Batı’ya yaranma, onu taklit ile tatmin etme bu yolda kendine yer bulamaz mesela… Kendinize has, biricik ve asırların birikimiyle oluşmuş kültür ve değerlerinize, yani kendi kimliğinize sahip çıkacaksınız… Ya da bu millî bağımsızlık yolunu terk ettiğinizi kabul edeceksiniz… Durum bu kadar net, ayrım bu kadar keskin işte!
Atatürk Kültür Merkezi hem adının hem de yukarıda bahsettiğimiz değerlerin taşıdığı ağırlığa yakışır bir yenileme sürecinden geçti. Fakat onu bir kültür eseri olarak konumlayacak, İstanbul markasının önemli taşıyıcılarından biri hâline getirecek, ülkemizin yumuşak gücünün (soft power) göstergesi kılacak olan bundan sonrası…
İşte onun da ilk adımı Sayın Cumhurbaşkanı’nın talimatlarıyla hazırlanan, “Sinan” operası ile atılıyor…
Librettosu için Halit Refiğ’in ‘Koca Sinan’ adlı senaryosundan yararlanılan operanın bestelenmesi Prof. Hasan Uçarsu’dan istendi.
Troya’dan Çanakkale’ye adlı oratoryosu ve pek çok eseriyle çağdaş Türk klasik müziğinin büyük ustalarından biri olan Uçarsu, Adnan Saygun’un öğrencisiydi… Adnan Saygun ise Atatürk’ün talimatı ile ilk Türk operasını bestelemişti… Atatürk, İran Şahı’nın Türkiye’yi ziyareti sırasında “Özsoy” operasını kendisiyle birlikte izlemişti.
Uçarsu TRT Haber’e verdiği röportajda şöyle diyor: “Sanat alanında bir ülkeyi kalkındıracak olan kendi insanına, müzisyenine, bestecisinin teknik, bilgi ve becerisine güven ve inançtır.”
Librettosu Bertan Rona’ya ait eserin muhteşem finali için de Yahya Kemal Beyatlı’nın ‘Süleymaniye’de Bayram Sabahı’ şiirinden esinlenilmiş. Bizden, yani “İslam muhitinden ve Doğu’dan bir konuyu, Avrupa medeniyetinin ifadesini en yüksek noktada bulduğu bir opera formuyla vermenin” riskini de ifade eden Rona şöyle anlatıyor: “Bizler bu coğrafyanın insanları olarak zaman dediğimiz şeyin yaratılmış olduğuna inanıyoruz.

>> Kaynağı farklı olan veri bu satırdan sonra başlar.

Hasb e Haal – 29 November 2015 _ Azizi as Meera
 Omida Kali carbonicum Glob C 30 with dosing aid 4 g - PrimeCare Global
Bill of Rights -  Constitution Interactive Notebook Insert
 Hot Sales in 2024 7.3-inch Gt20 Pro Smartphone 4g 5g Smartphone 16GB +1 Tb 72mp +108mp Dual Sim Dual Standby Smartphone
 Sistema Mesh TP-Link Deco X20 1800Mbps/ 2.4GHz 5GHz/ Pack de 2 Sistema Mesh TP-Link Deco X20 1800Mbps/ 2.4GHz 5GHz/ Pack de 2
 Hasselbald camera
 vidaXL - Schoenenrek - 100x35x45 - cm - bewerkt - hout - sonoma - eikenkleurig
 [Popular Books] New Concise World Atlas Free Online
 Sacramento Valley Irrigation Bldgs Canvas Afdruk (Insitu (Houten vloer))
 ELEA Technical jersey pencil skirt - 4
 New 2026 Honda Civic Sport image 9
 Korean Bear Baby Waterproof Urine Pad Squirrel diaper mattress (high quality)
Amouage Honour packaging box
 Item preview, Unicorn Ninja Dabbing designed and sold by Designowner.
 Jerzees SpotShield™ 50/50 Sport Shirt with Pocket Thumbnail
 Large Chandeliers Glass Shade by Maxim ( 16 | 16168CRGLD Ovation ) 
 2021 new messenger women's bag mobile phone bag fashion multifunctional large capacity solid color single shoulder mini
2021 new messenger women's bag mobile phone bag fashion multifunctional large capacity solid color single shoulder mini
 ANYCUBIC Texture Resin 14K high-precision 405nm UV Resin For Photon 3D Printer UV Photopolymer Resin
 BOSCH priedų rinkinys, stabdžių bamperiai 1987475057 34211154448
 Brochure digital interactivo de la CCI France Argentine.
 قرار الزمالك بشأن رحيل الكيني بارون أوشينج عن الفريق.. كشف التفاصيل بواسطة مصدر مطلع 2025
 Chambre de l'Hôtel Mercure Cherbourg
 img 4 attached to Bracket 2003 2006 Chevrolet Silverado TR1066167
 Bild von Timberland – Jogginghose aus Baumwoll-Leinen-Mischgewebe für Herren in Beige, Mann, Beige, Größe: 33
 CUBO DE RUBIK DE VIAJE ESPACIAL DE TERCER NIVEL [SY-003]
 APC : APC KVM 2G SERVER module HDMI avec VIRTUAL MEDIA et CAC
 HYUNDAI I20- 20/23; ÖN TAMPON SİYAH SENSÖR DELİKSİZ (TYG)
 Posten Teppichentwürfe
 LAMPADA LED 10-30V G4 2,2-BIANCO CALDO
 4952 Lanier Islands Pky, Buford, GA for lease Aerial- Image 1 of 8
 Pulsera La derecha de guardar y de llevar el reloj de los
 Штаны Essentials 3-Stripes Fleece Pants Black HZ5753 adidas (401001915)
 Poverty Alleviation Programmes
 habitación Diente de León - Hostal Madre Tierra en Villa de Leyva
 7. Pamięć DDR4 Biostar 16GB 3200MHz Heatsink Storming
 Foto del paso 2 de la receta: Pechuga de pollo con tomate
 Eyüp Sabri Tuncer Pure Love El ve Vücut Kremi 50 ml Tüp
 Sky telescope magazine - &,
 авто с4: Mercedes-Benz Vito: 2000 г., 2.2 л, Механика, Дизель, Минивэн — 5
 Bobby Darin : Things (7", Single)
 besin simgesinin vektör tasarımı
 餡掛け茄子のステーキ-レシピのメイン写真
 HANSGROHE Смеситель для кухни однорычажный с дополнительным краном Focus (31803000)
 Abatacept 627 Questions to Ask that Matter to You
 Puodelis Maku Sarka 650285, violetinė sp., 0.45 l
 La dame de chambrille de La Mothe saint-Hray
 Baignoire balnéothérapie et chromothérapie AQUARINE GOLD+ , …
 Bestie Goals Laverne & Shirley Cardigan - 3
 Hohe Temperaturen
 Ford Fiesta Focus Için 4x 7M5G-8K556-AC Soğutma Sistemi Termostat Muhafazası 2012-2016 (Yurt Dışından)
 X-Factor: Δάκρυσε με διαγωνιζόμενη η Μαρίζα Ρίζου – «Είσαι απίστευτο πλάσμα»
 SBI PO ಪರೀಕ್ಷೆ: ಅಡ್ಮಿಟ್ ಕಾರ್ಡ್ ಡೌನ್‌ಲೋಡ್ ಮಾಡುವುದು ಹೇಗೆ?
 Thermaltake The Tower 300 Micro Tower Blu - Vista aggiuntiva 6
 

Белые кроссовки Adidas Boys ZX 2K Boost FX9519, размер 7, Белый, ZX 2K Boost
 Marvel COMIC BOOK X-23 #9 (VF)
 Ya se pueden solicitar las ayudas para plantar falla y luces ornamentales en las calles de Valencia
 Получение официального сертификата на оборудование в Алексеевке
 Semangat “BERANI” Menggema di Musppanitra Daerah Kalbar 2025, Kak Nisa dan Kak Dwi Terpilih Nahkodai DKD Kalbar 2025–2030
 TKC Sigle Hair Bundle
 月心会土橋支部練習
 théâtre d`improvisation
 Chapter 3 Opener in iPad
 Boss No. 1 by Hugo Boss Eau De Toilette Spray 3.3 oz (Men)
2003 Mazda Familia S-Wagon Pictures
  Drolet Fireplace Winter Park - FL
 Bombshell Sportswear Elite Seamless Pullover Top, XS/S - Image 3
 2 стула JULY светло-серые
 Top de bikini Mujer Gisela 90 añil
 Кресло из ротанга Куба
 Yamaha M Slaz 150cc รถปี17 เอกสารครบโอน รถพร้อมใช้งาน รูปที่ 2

Dolayısıyla bu metinde kronoloji değil, ontoloji önemli, yani tevhit kavramı bütün eserin temelinde yer alıyor. Hem mekânda hem de zamanda birlik söz konusu.”
Cumhurbaşkanı Başdanışmanı Fecir Alptekin Hanımefendi’nin sözlerinden bu kültür ateşinin devamının geleceği anlaşılıyor. Alptekin: “Bu bir başlangıç olacak, çünkü o kadar büyük bir heyecan uyandıracak ki arkasından başka eserler gelecek. Biz burada yıllardır İtalyan veya Alman operaları izliyoruz. Bizim operamızı, bizim Sinan’ımızı artık İtalya sahnesi, Almanya sahnesi, Londra sahnesi veya New York sahnesi izleyecek. Sinan’ın hikâyesini, Osmanlı’nın en parlak dönemini çok nitelikli bir sanat eseri formatında sahnede görecekler.”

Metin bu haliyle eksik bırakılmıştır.